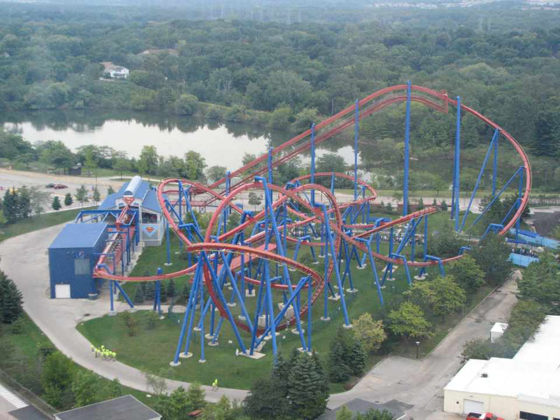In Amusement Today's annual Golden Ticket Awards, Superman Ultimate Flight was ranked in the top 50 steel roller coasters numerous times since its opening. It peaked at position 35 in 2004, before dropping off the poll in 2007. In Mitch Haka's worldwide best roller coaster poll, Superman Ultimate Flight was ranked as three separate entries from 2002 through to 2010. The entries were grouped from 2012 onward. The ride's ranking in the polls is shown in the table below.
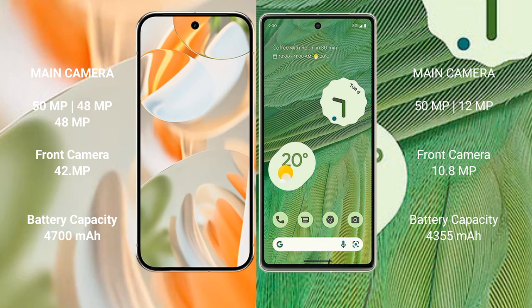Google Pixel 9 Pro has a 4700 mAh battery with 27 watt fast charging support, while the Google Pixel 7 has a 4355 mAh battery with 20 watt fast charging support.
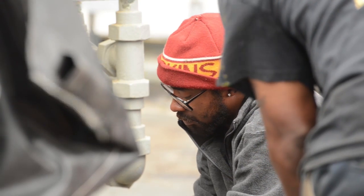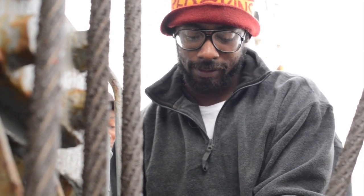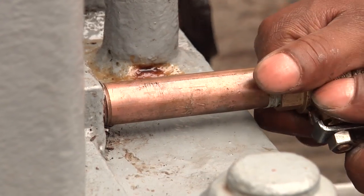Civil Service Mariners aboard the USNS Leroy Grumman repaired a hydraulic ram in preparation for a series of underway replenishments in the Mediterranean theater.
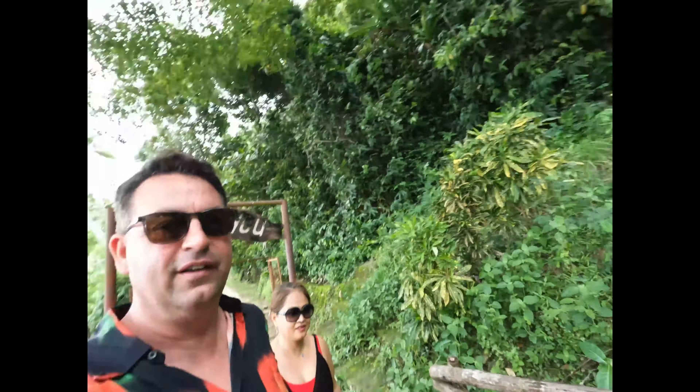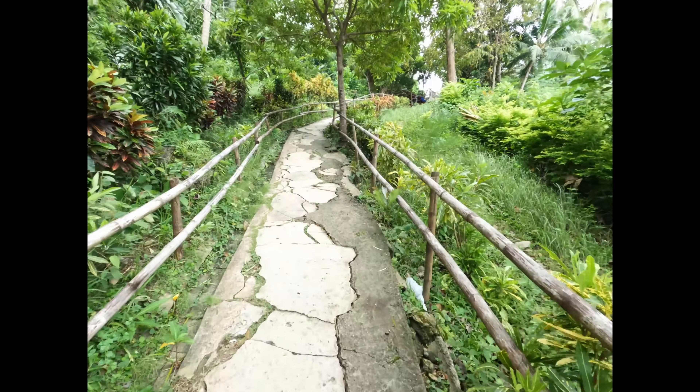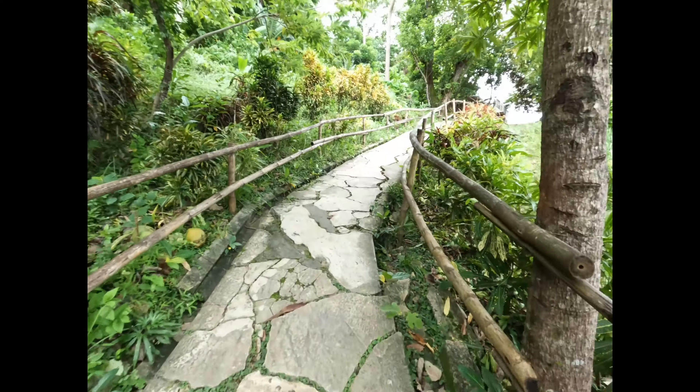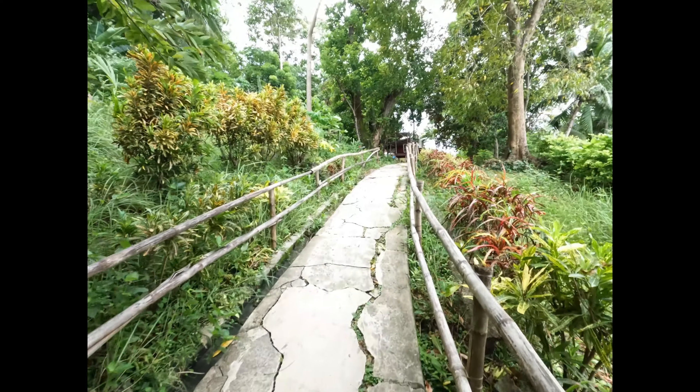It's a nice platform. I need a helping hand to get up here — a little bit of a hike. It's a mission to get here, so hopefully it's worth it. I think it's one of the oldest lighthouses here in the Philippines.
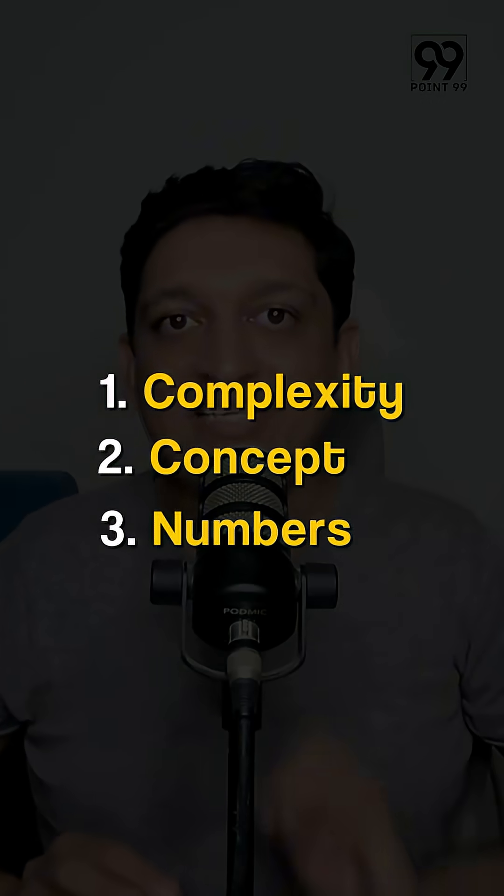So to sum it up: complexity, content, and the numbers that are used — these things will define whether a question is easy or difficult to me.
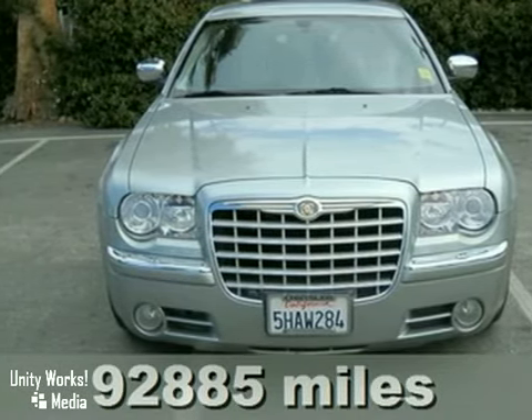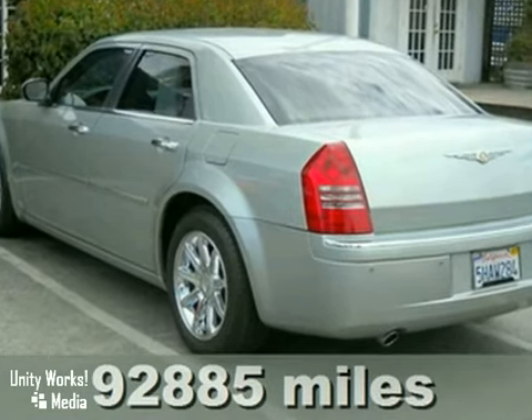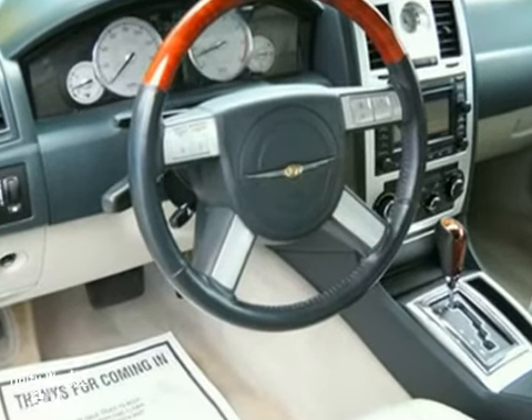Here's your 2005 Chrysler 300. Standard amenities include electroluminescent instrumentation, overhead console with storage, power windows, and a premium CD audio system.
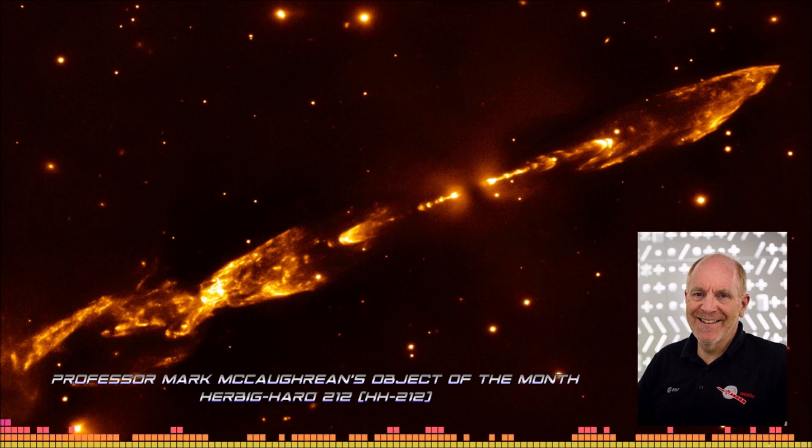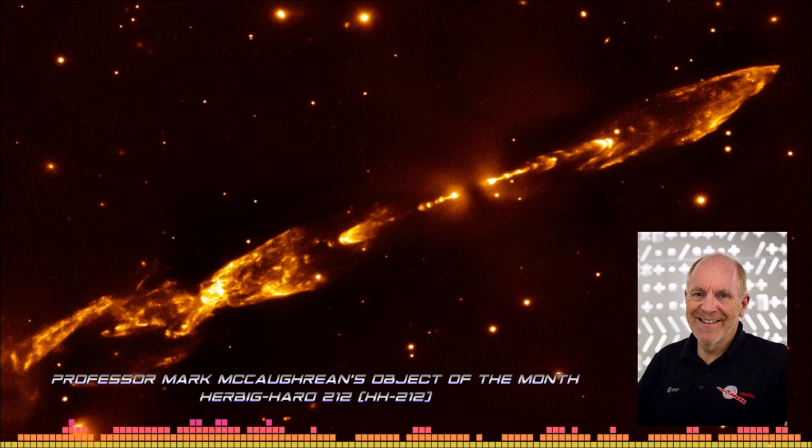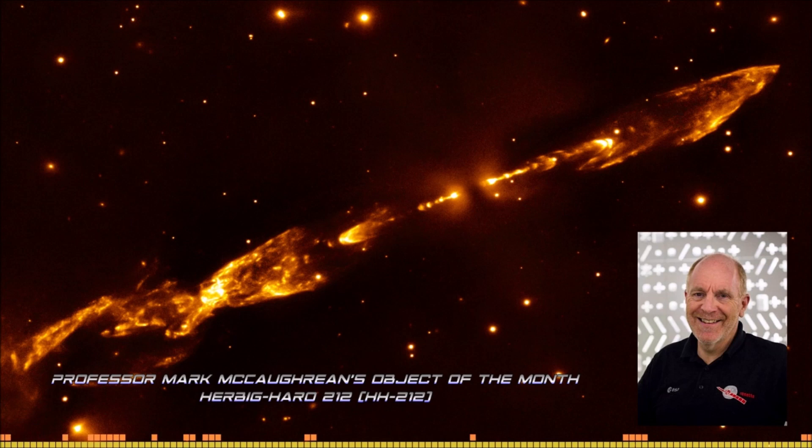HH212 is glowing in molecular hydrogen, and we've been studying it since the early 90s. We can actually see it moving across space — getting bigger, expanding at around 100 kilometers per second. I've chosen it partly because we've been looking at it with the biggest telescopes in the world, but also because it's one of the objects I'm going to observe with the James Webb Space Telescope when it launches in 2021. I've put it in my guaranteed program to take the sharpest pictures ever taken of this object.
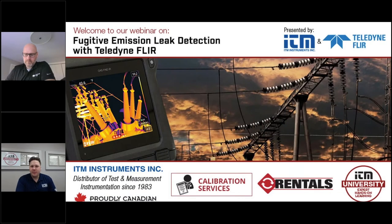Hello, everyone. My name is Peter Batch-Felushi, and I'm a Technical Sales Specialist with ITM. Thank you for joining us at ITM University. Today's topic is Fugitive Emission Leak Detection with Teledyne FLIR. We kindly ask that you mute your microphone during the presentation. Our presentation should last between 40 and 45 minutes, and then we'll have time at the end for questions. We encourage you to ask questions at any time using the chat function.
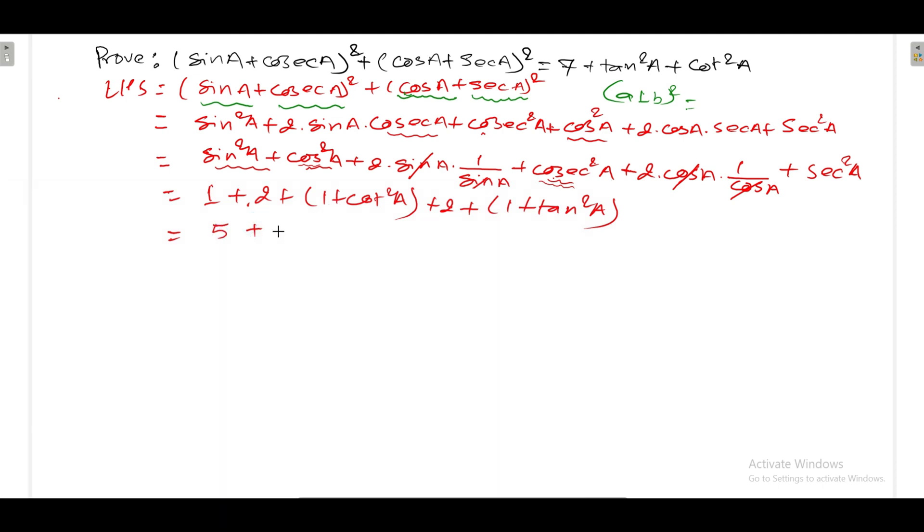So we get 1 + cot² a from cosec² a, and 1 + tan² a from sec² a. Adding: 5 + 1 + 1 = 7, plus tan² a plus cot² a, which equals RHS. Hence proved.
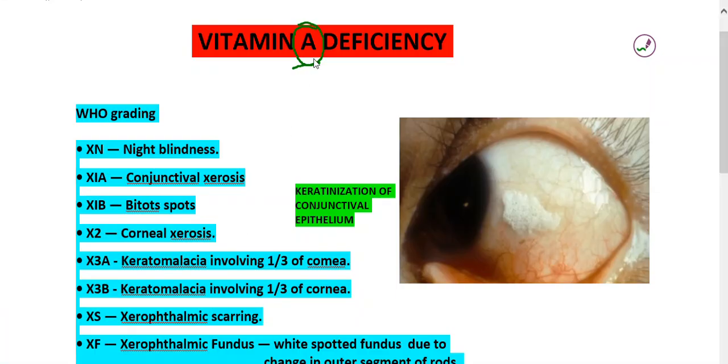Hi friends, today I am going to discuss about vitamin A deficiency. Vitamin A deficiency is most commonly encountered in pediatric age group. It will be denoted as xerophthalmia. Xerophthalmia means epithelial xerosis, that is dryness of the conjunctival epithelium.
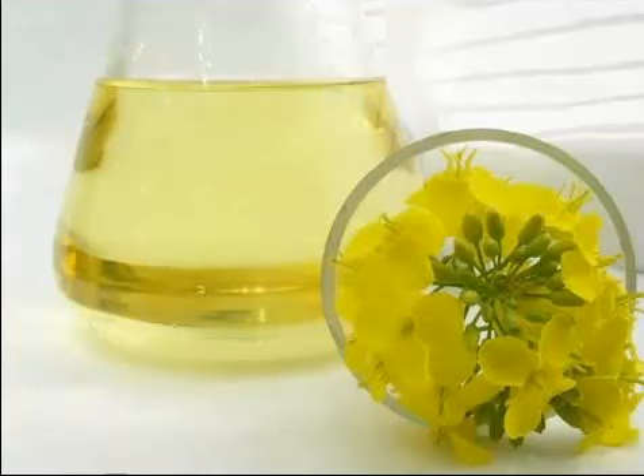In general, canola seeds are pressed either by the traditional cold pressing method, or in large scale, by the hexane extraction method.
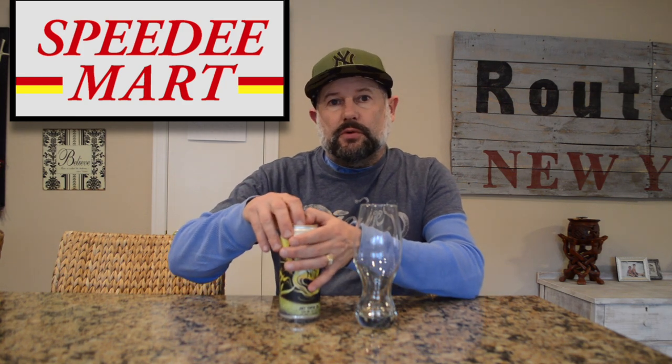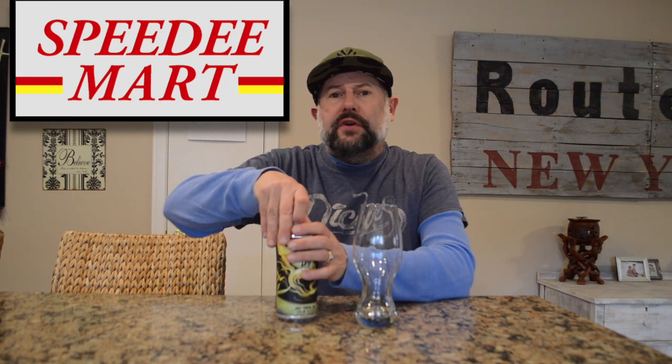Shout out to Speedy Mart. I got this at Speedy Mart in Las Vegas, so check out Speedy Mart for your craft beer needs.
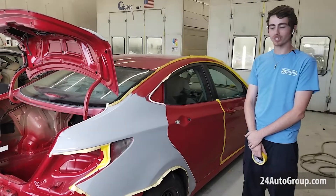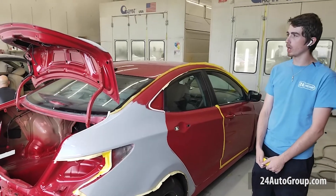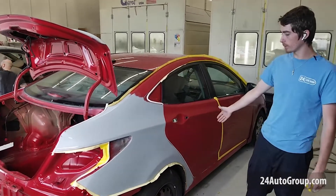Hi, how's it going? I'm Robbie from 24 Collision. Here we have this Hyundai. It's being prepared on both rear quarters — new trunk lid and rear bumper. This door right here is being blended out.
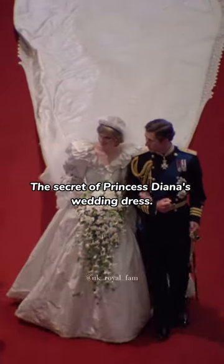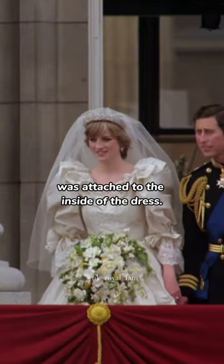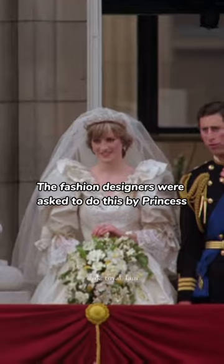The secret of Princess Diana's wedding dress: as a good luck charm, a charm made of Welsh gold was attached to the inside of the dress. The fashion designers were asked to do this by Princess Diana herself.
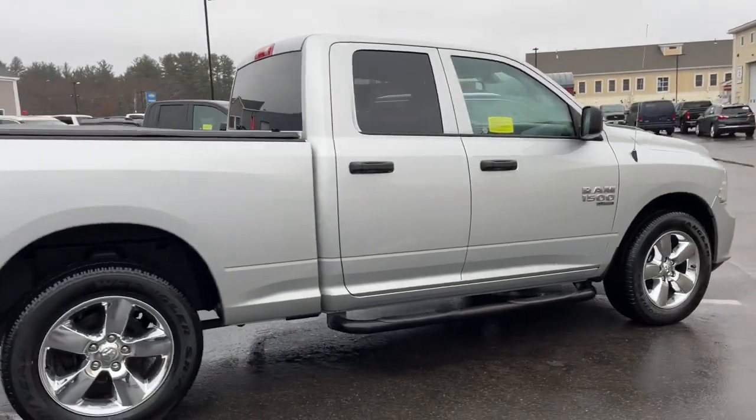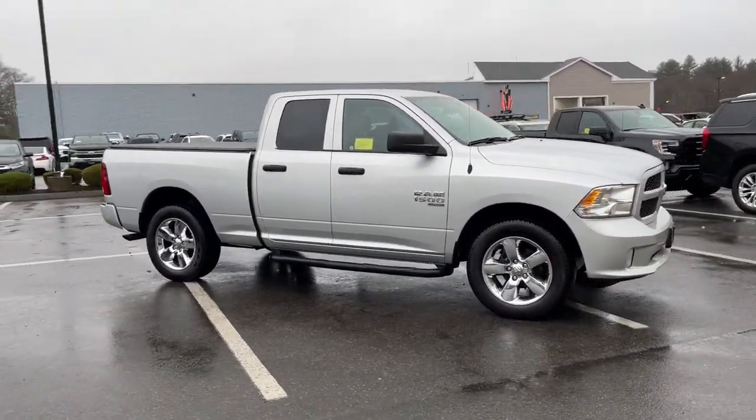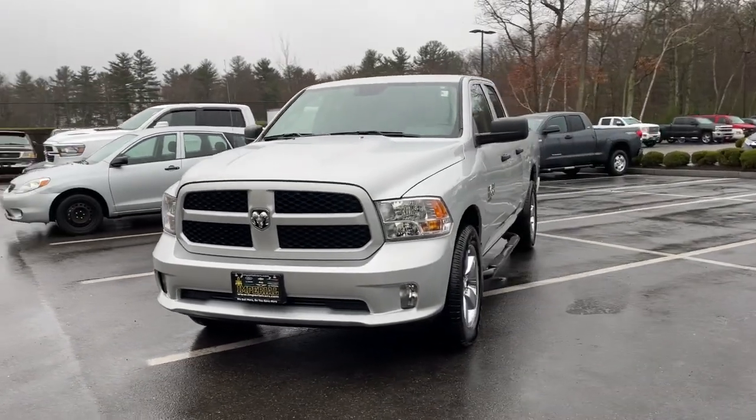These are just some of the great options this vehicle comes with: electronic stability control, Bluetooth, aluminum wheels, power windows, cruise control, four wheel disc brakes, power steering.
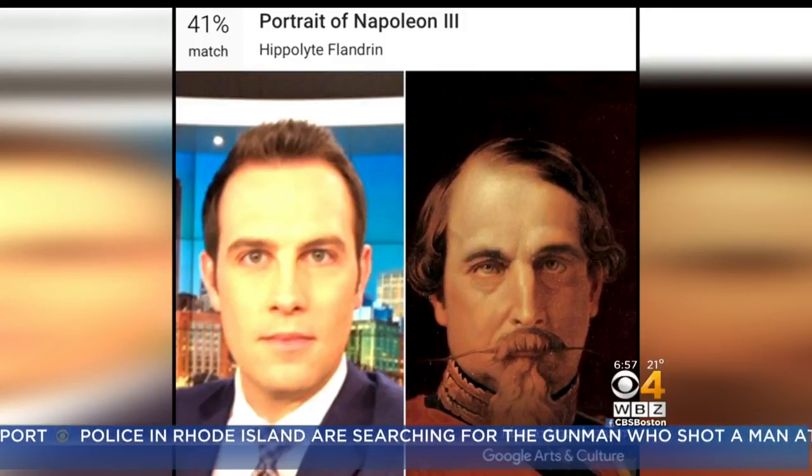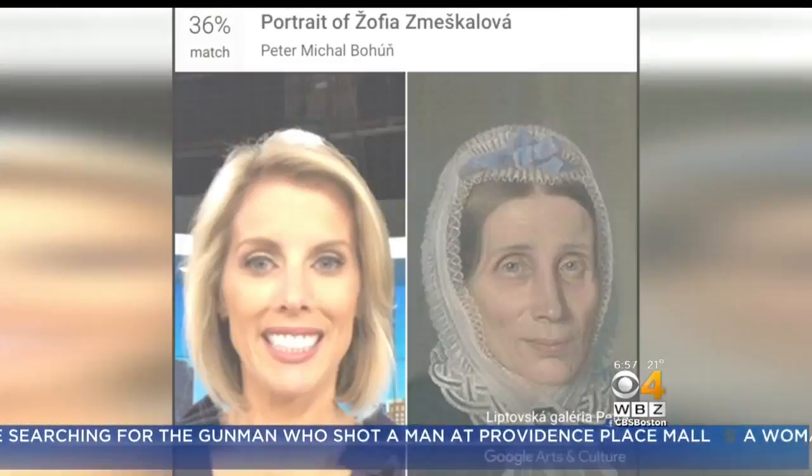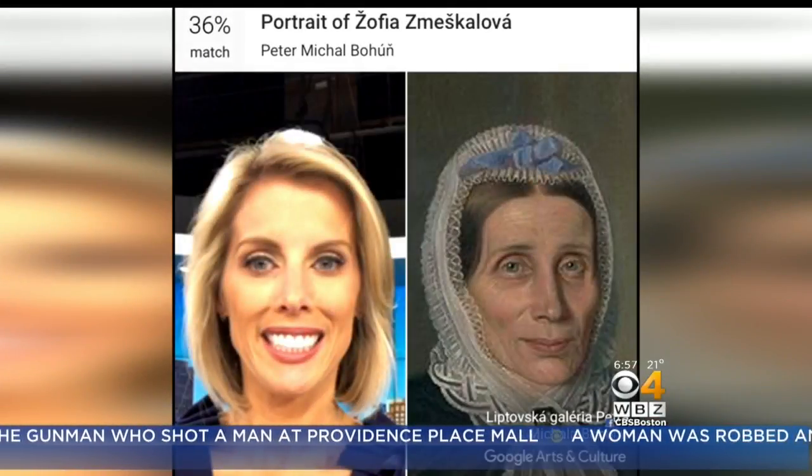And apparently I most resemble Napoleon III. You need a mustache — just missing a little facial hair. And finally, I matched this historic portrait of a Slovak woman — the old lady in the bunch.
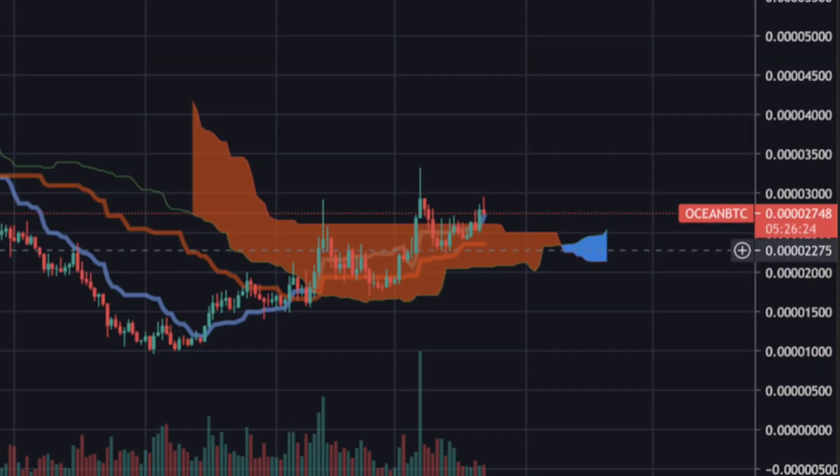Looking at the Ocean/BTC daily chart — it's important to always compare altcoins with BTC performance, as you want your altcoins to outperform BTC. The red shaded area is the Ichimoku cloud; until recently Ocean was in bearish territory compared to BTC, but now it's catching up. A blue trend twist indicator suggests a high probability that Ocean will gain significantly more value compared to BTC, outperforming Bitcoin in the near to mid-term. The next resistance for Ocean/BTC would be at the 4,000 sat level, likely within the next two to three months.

AIM OF THE TASK: Please retype every record shown above, exactly as written, but without pictures.

ANSWER TO THE PROBLEM:
In Amusement Today's annual Golden Ticket Awards, Superman Ultimate Flight was ranked in the top 50 steel roller coasters numerous times since its opening. It peaked at position 35 in 2004, before dropping off the poll in 2007. In Mitch Haka's worldwide best roller coaster poll, Superman Ultimate Flight was ranked as three separate entries from 2002 through to 2010. The entries were grouped from 2012 onward. The ride's ranking in the polls is shown in the table below.
Google Pixel 9 Pro has a 4700 mAh battery with 27 watt fast charging support, while the Google Pixel 7 has a 4355 mAh battery with 20 watt fast charging support.
Civil Service Mariners aboard the USNS Leroy Grumman repaired a hydraulic ram in preparation for a series of underway replenishments in the Mediterranean theater.
It's a nice platform. I need a helping hand to get up here — a little bit of a hike. It's a mission to get here, so hopefully it's worth it. I think it's one of the oldest lighthouses here in the Philippines.
So to sum it up: complexity, content, and the numbers that are used — these things will define whether a question is easy or difficult to me.
Here's your 2005 Chrysler 300. Standard amenities include electroluminescent instrumentation, overhead console with storage, power windows, and a premium CD audio system.
HH212 is glowing in molecular hydrogen, and we've been studying it since the early 90s. We can actually see it moving across space — getting bigger, expanding at around 100 kilometers per second. I've chosen it partly because we've been looking at it with the biggest telescopes in the world, but also because it's one of the objects I'm going to observe with the James Webb Space Telescope when it launches in 2021. I've put it in my guaranteed program to take the sharpest pictures ever taken of this object.
Hello, everyone. My name is Peter Batch-Felushi, and I'm a Technical Sales Specialist with ITM. Thank you for joining us at ITM University. Today's topic is Fugitive Emission Leak Detection with Teledyne FLIR. We kindly ask that you mute your microphone during the presentation. Our presentation should last between 40 and 45 minutes, and then we'll have time at the end for questions. We encourage you to ask questions at any time using the chat function.
So we get 1 + cot² a from cosec² a, and 1 + tan² a from sec² a. Adding: 5 + 1 + 1 = 7, plus tan² a plus cot² a, which equals RHS. Hence proved.
Hi friends, today I am going to discuss about vitamin A deficiency. Vitamin A deficiency is most commonly encountered in pediatric age group. It will be denoted as xerophthalmia. Xerophthalmia means epithelial xerosis, that is dryness of the conjunctival epithelium.
In general, canola seeds are pressed either by the traditional cold pressing method, or in large scale, by the hexane extraction method.
Shout out to Speedy Mart. I got this at Speedy Mart in Las Vegas, so check out Speedy Mart for your craft beer needs.
Hi, how's it going? I'm Robbie from 24 Collision. Here we have this Hyundai. It's being prepared on both rear quarters — new trunk lid and rear bumper. This door right here is being blended out.
The secret of Princess Diana's wedding dress: as a good luck charm, a charm made of Welsh gold was attached to the inside of the dress. The fashion designers were asked to do this by Princess Diana herself.
These are just some of the great options this vehicle comes with: electronic stability control, Bluetooth, aluminum wheels, power windows, cruise control, four wheel disc brakes, power steering.
And apparently I most resemble Napoleon III. You need a mustache — just missing a little facial hair. And finally, I matched this historic portrait of a Slovak woman — the old lady in the bunch.
Looking at the Ocean/BTC daily chart — it's important to always compare altcoins with BTC performance, as you want your altcoins to outperform BTC. The red shaded area is the Ichimoku cloud; until recently Ocean was in bearish territory compared to BTC, but now it's catching up. A blue trend twist indicator suggests a high probability that Ocean will gain significantly more value compared to BTC, outperforming Bitcoin in the near to mid-term. The next resistance for Ocean/BTC would be at the 4,000 sat level, likely within the next two to three months.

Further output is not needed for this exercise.